Operation in Syria boosts interest in Russian arms — chief delegate to LIMA 2017

March 21, 12:00 UTC+3

“The weaponry demonstrated absolute effectiveness in extra-complicated combat conditions,” the chief Russian delegate to the LIMA 2017 arms show Mikhail Petukhov said

LANGKAWI, Malaya March 21. /TASS/. Potential customers’ interest in Russian military hardware has soared in the wake of the operation in Syria, the chief Russian delegate to the LIMA 2017 arms show, Mikhail Petukhov, told the media on Tuesday.

“After Russian naval ships coped with their tasks in the course of the counter-terrorist operation in Syria, interest in Russian military hardware soared.
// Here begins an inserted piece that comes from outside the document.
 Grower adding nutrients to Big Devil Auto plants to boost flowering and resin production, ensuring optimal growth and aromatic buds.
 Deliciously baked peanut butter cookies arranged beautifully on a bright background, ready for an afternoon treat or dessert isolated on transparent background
The weaponry demonstrated absolute effectiveness in extra-complicated combat conditions,” said Petukhov, the deputy CEO of Russia’s federal service for military-technical cooperation.

Some likely customers in Southeast Asian countries “displayed interest in acquiring Russian naval technologies and weapons, including missile-carrying submarines,” he remarked.

According to earlier reports, the operation in Syria fueled foreign clients’ interest in such military equipment as Sukhoi-34 planes and robots of the Uran family. Russia’s Navy participated in dealing strikes against militants. Cruise missiles Kalibr were launched from surface ships, including the frigate The Admiral Grigorovich, smaller missile-carrying ships of project 21631 and submarines of project 636.3. Russia’s aircraft carrier task force spent several months off Syria’s shores. MiG-29K fighters operated from the deck of the aircraft carrier The Admiral Kuznetsov.

Russia offers its foreign clients a variety of combat ships. Models of some of them, such as Gepard-3.9 class frigates based on escort ships and missile boats of project 12421 Molniya (Lightning) are on display at the LIMA show. The Vietnamese Navy already uses two Gepard-3.9 frigates and another two may be provided soon. Vietnam produces missile boats Molniya under license.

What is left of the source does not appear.